Grand Slam singles results
- Australian Open: 1R (2015)
- French Open: Q2 (2012, 2020)
- Wimbledon: 1R (2015)
- US Open: 1R (2012)

Doubles
- Career record: 0–2
- Career titles: 0
- Highest ranking: No. 224 (15 July 2019)

= Hiroki Moriya =

Japanese tennis player (born 1990)

Hiroki Moriya (守屋 宏紀, Moriya Hiroki) is a Japanese tennis player. He achieved a career-high singles ranking of world No. 143 on 5 January 2015 and a doubles ranking of No. 224 achieved on 15 July 2019. Moriya has won three ATP Challenger Tour singles titles.

==Tennis career==

===Juniors===
As a junior, Moriya compiled a singles win–loss record of 76–37, reaching as high as No. 17 in the junior combined world rankings in October 2008.

Junior Grand Slam results:

Australian Open: 3R (2007, 2008)

French Open: Q1 (2007)

Wimbledon: 1R (2008)

US Open: Q2 (2006)

===2008–2011===
Moriya had won three ITF Futures events in Japan and Chinese Taipei. He also had participated in a number of ATP Challenger Tour events, winning some matches of those tournaments. He ended 2011 as ranked world no. 327.

===2012: Major debut, First ATP win===
Moriya failed to qualify for French Open and Wimbledon, but he qualified for the 2012 US Open to make his Grand Slam main draw debut, losing to Ivan Dodig in the first round.

During the Asian hardcourt swing, he defeated Robin Haase in the Thailand Open to record his first ATP main draw win, and played a close match against Stanislas Wawrinka at the Japan Open, losing 5–7, 6–4, 4–6. In November, Moriya reached his first ATP Challenger Tour final in Toyota, where he lost to Michał Przysiężny in straight sets.

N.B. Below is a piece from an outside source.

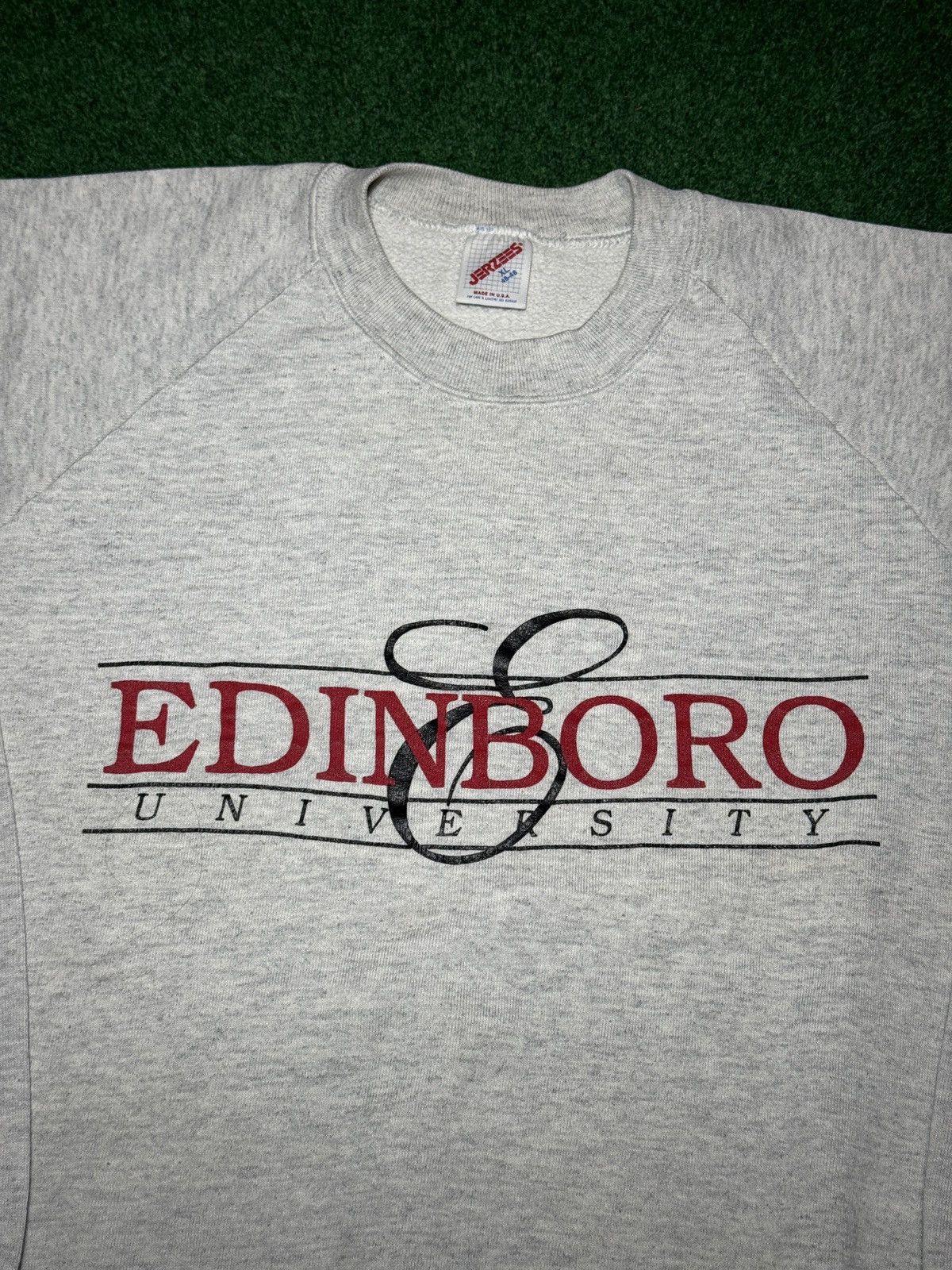 Jerzees Edinboro University Vintage 90s XL 23x26 Sweatshirt Size US XL / EU 56 / 4 - 2 Thumbnail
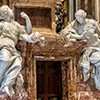 Pietro Bracci, nagrobek papieża Benedykta XIV, fragment, personifikacje Boskiej Mądrości i Bezinteresowności, bazylika San Pietro in Vaticano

===2013: Davis Cup debut===
He represented Japan for the first time in his career at the 2013 Davis Cup Asia/Oceania Zone Group I against South Korea. He played the doubles rubber with Yasutaka Uchiyama and Japan advanced into the World Group play-offs.

Moriya was the runner-up of Shanghai Challenger, losing to his countryman Yuichi Sugita in the final, and he made quarterfinals or better of Asian Challenger events in this year.

===2014: First Challenger title and Top 150===
In Australian hard court season, Moriya reached the final in the Burnie Challenger for the third time at this level and the semifinal in West Lakes.

Moriya won his first challenger title, winning the $50,000+H Granby Challenger event in Canada by beating Fabrice Martin in the final. Following this tournament, he entered the ATP rankings top 150. In the Asian swing, Moriya competed in the ATP events of Kuala Lumpur and Tokyo, both losing in the first round.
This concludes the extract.